Las farolas solares no requieren cableado, la construcción no daña la superficie de la carretera y no se requiere conexión a la red. Son adecuados para áreas remotas o ubicaciones sin electricidad. La operación y el mantenimiento se centran en la limpieza regular de los paneles solares y la comprobación de la vida útil de la batería. La Instalación de farolas LED requiere una planificación anticipada para el tendido de cables y la conexión a la red municipal. La construcción implica excavación y cableado eléctrico, y se basa en la infraestructura de la red de apoyo. La operación y el mantenimiento se centran en verificar la degradación de la línea y garantizar la estabilidad de la energía de la red.
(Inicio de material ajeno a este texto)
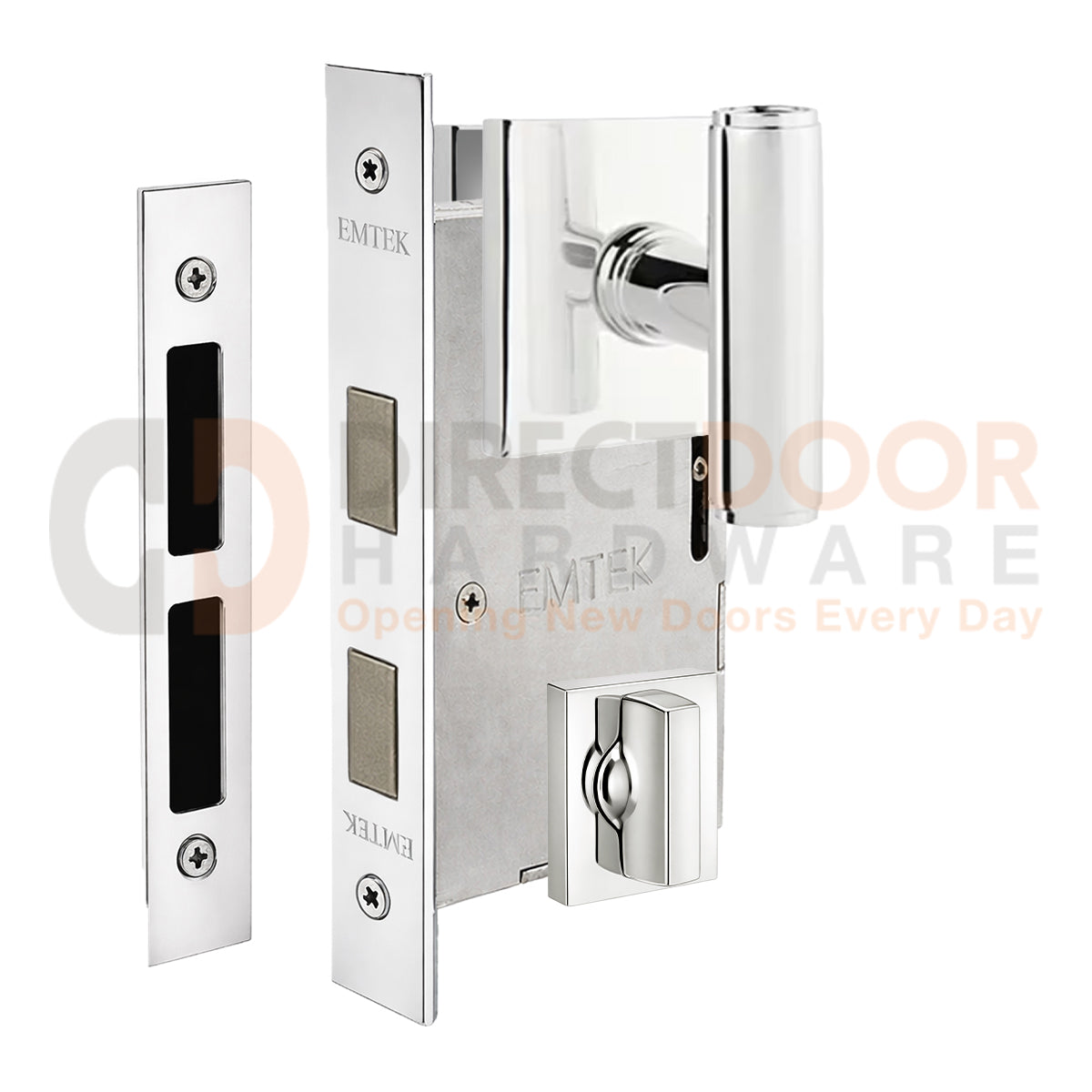 Emtek Ace Interior Mortise Knob with Square Rosette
Las farolas solares son energéticamente eficientes y libres de contaminación, alineándose con el concepto de desarrollo ecológico. La instalación flexible se adapta a escenarios complejos. Los componentes principales tienen una larga vida útil, lo que requiere solo una limpieza diaria de los paneles solares, lo que resulta en un bajo mantenimiento y costos a largo plazo. La fuente de alimentación de bajo voltaje evita descargas eléctricas, lo que garantiza la seguridad, la estabilidad y una sólida gestión de riesgos.